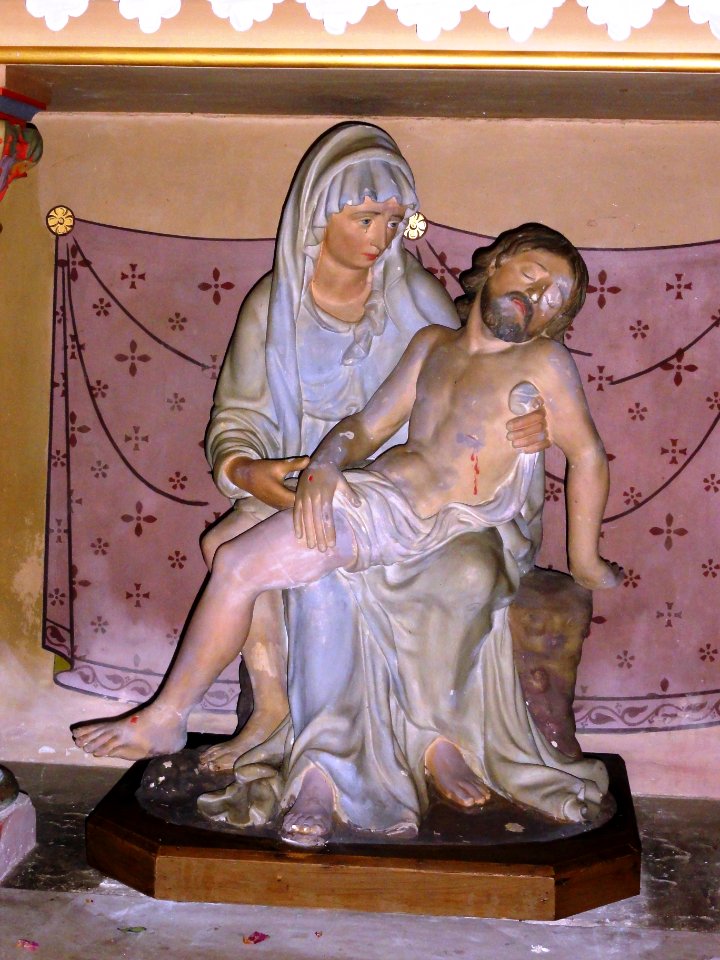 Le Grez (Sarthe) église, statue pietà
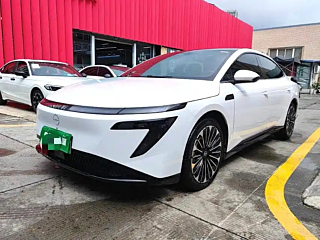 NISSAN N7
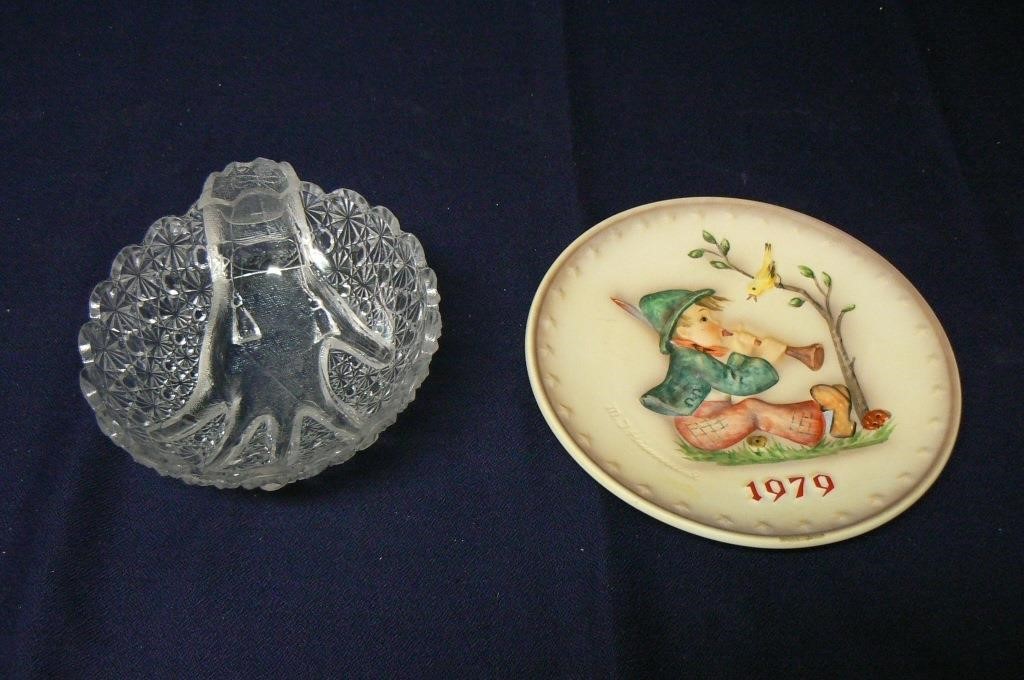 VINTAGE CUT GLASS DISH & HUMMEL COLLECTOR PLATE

==

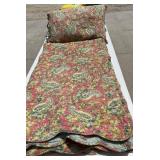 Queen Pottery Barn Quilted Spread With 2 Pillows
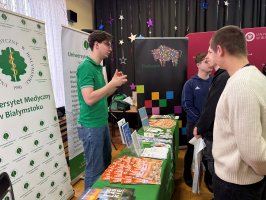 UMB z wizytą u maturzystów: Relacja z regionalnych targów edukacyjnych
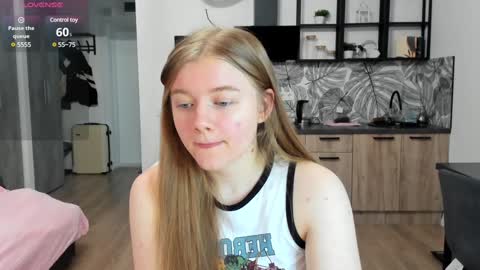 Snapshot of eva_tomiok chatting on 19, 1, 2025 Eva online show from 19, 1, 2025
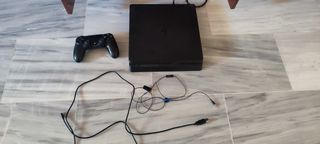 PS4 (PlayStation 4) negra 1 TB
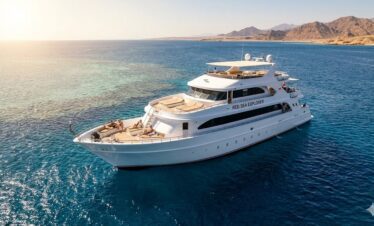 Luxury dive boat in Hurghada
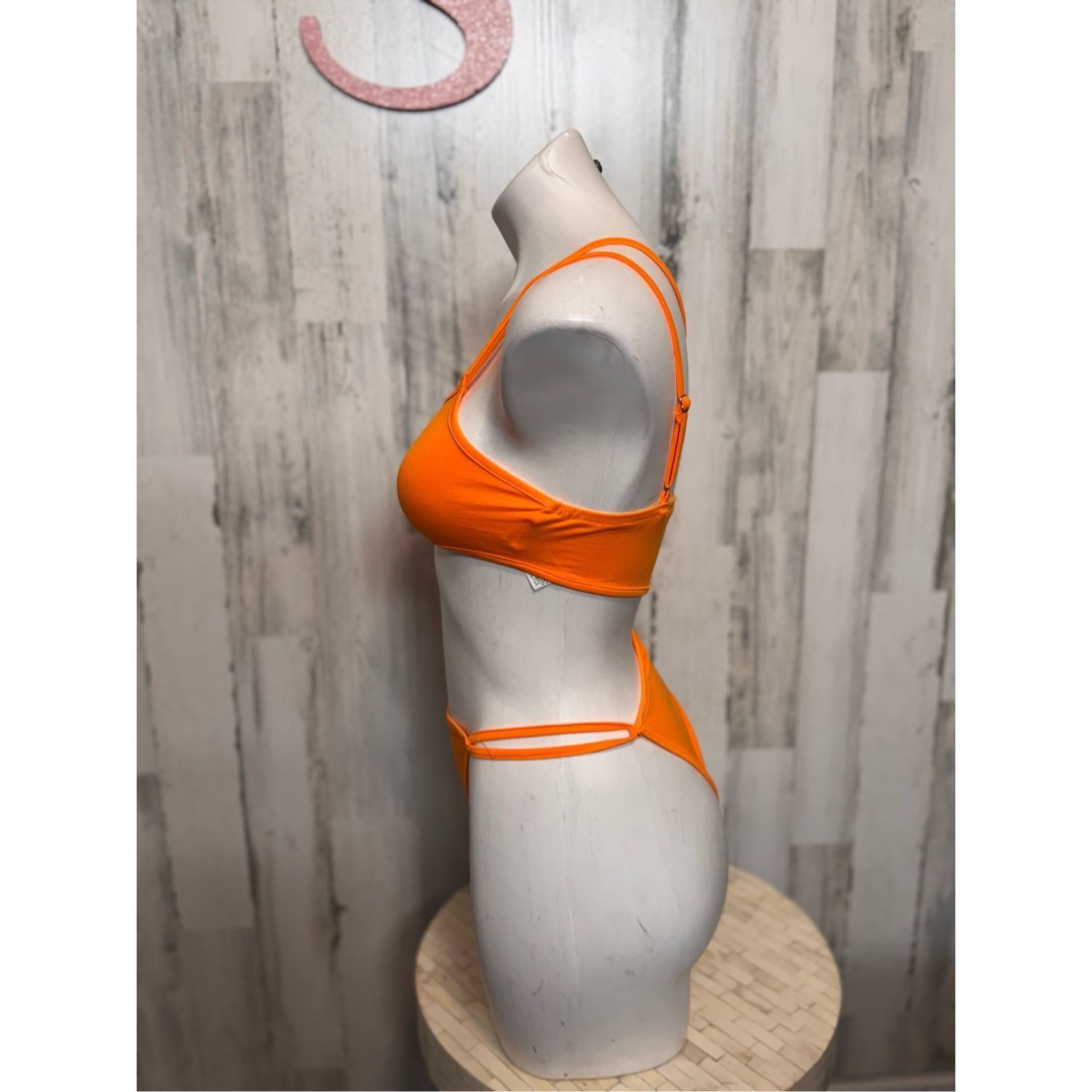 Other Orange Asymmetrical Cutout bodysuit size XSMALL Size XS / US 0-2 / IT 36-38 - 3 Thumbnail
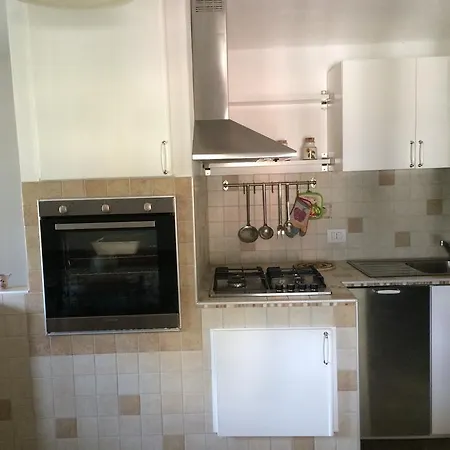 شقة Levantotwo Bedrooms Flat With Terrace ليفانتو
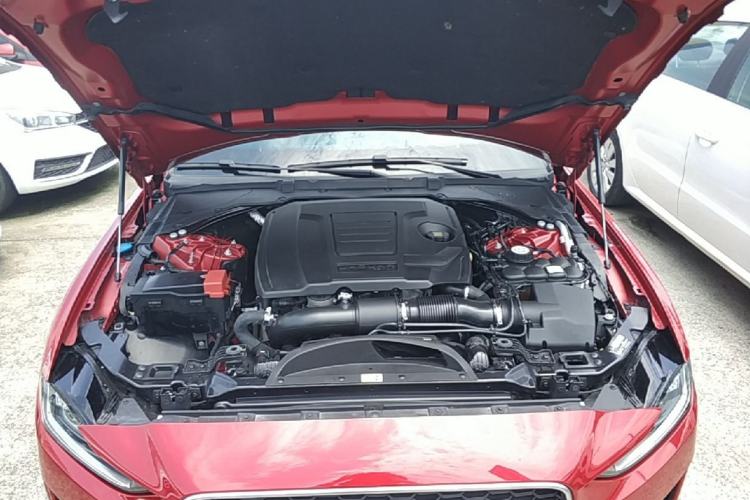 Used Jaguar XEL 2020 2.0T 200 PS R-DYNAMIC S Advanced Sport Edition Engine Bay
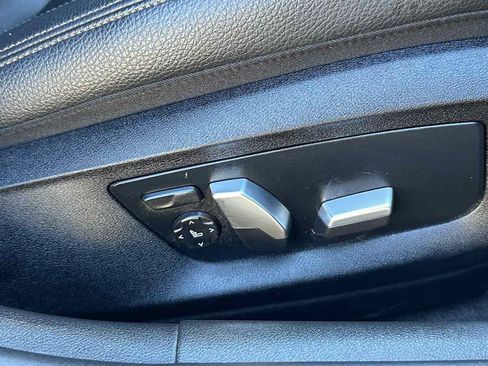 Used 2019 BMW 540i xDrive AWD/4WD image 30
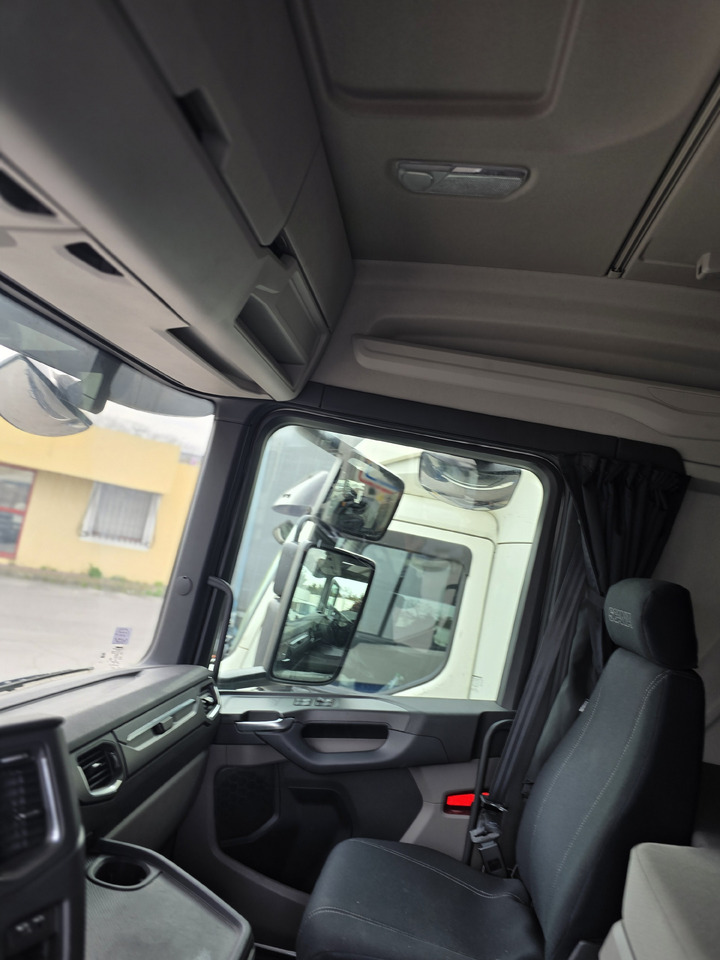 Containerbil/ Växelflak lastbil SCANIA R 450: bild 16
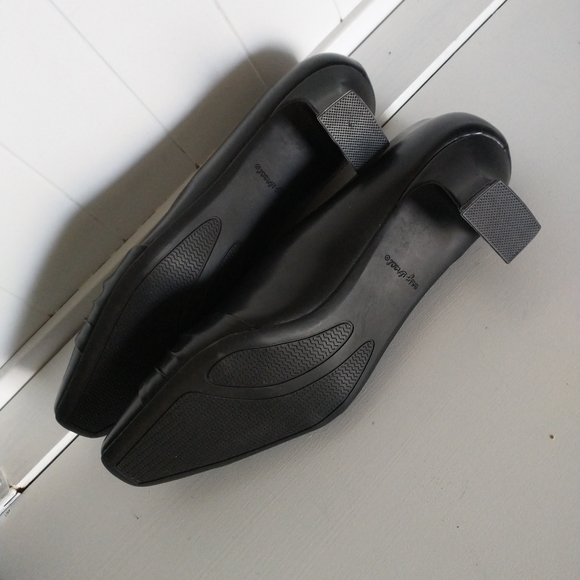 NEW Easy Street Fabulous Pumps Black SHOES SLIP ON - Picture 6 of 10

---

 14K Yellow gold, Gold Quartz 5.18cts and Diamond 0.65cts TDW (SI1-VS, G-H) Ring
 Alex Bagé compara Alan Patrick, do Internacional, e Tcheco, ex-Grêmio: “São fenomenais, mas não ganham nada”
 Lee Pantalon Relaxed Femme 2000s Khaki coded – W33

## What needs to be done
Copy only what runs above from the line containing "UMB z wizytą" through the line containing "NEW Easy Street", exactly. Leave out the pictures.

## Solution
 UMB z wizytą u maturzystów: Relacja z regionalnych targów edukacyjnych
 Snapshot of eva_tomiok chatting on 19, 1, 2025 Eva online show from 19, 1, 2025
 PS4 (PlayStation 4) negra 1 TB
 Luxury dive boat in Hurghada
 Other Orange Asymmetrical Cutout bodysuit size XSMALL Size XS / US 0-2 / IT 36-38 - 3 Thumbnail
 شقة Levantotwo Bedrooms Flat With Terrace ليفانتو
 Used Jaguar XEL 2020 2.0T 200 PS R-DYNAMIC S Advanced Sport Edition Engine Bay
 Used 2019 BMW 540i xDrive AWD/4WD image 30
 Containerbil/ Växelflak lastbil SCANIA R 450: bild 16
 NEW Easy Street Fabulous Pumps Black SHOES SLIP ON - Picture 6 of 10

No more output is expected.